A Data Science Central Community
Over the years, the magazine publishing industry has made significant strides in improving subscription based circulation by developing analytic frameworks that better predict customer response to acquisition and renewal offers. The objective of this contest is to apply the same analytic discipline and effectively predict newsstand locations "response". Specifically the objective is to predict the number of copies to be placed in each newsstand location to optimize the overall contribution of the newsstand location typically referred to as draw.
HOW TO ENTER: Beginning October 14th, 2010 at 12:01 AM (ET) throughDecember 3rd, 2010 at 11:59 PM (ET) go to the Hearst Challenge website located at www.HearstChallenge.com (the “Site”) and complete and submit the entry form pursuant to the onscreen instructions. Entrants will be provided a historical sample of newsstand location draw, sales and associated location level data to help develop their predictive algorithm. Hearst will in turn hold back two distinct sets of draw/sales data, one to be used as a validation set by the contestant and one to be used as a final contest evaluation set. Entrants may not include any other external variables for the challenge. Additional details will be provided with the data. Entrants will be able to track their performance against the validation set throughout the course of the challenge via a leader tracking board to be made available on the Site. Entries must include the following documentation:
Data file with id variables and expected sales values by store and publication
The final model/ algorithm code used to score the final data set
Any supporting documentation that pertains to the development of the submitted model/algorithm including variable creation. Variables that were used in the model need to be traced through from input to coefficient / node (if using a tree based methodology). This includes recodes, transformations, and summarizations.
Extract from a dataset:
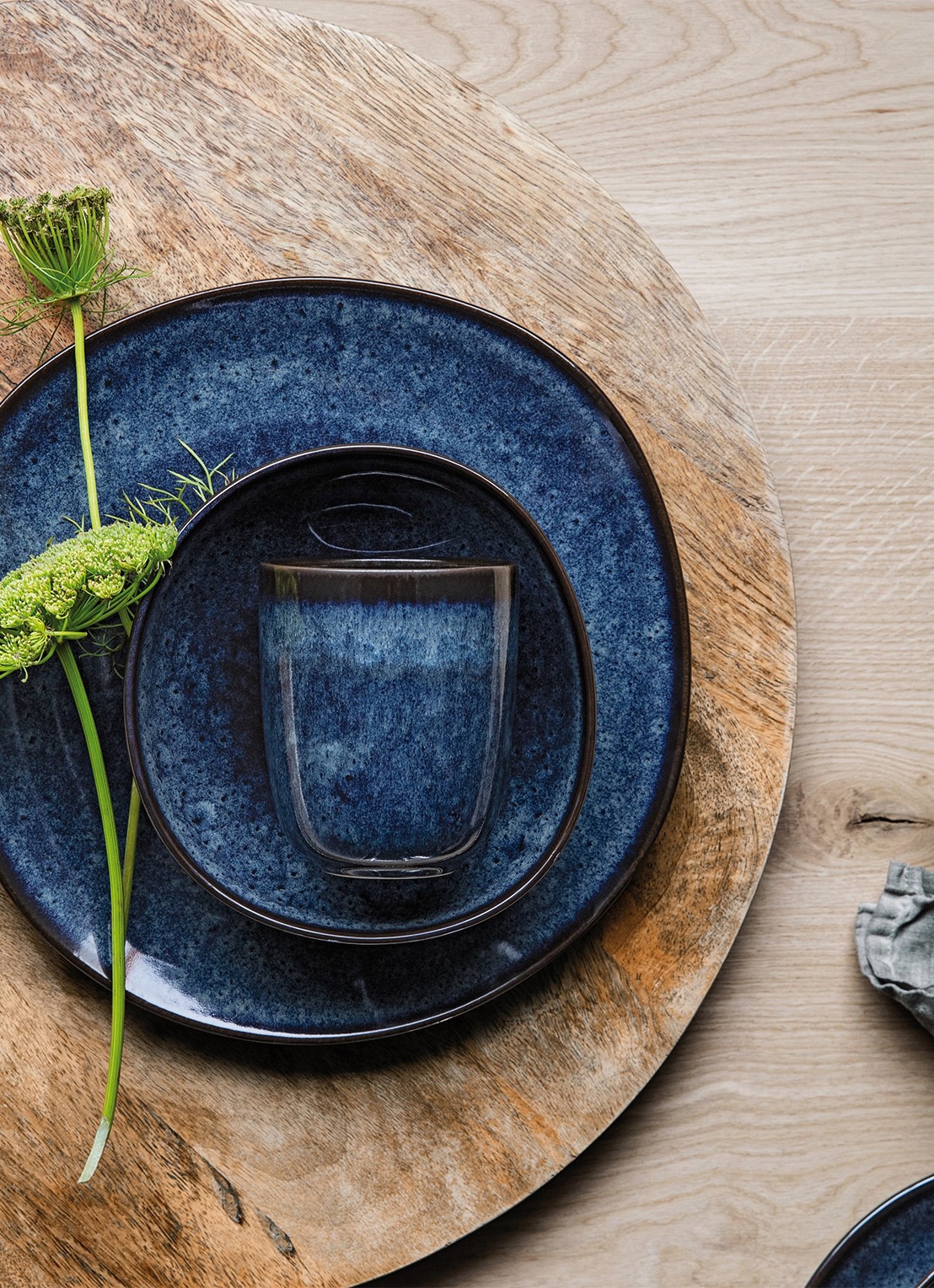 Villeroy & Boch Lave Bleu ontbijtbord 23 cm - detail 2 donkerblauw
This should be a table, with English labels for variables, and equations (if appropriate) for transformations or recodes.
JUDGING AND FINALIST AND WINNER SELECTION: To determine the three (3) finalists, Hearst will analyze the results of a standard set of magazines to be evaluated by the participants' algorithms using the final evaluation data set. The final evaluation data set – excluding the final sales results - will be posted on the Site at 12:01AM December 3, 2010 and entrants will be asked to execute their algorithm against this data set and provide their predicted level of sales in the prescribed format to be uploaded to the website for final evaluation by Hearst and the designated judges (EXL/ Kaggle). Entries must be submitted by 11:59PM on December 3, 2010. Three (3) finalists will be notified on or before December 7, 2010 and must prepare a ten (10) minute presentation to be presented at the NCDM Conference in Miami, Florida on December 13 through 15, 2010.
The presentation must include the following components:
The steps taken with the raw data provided to convert into modeling variables.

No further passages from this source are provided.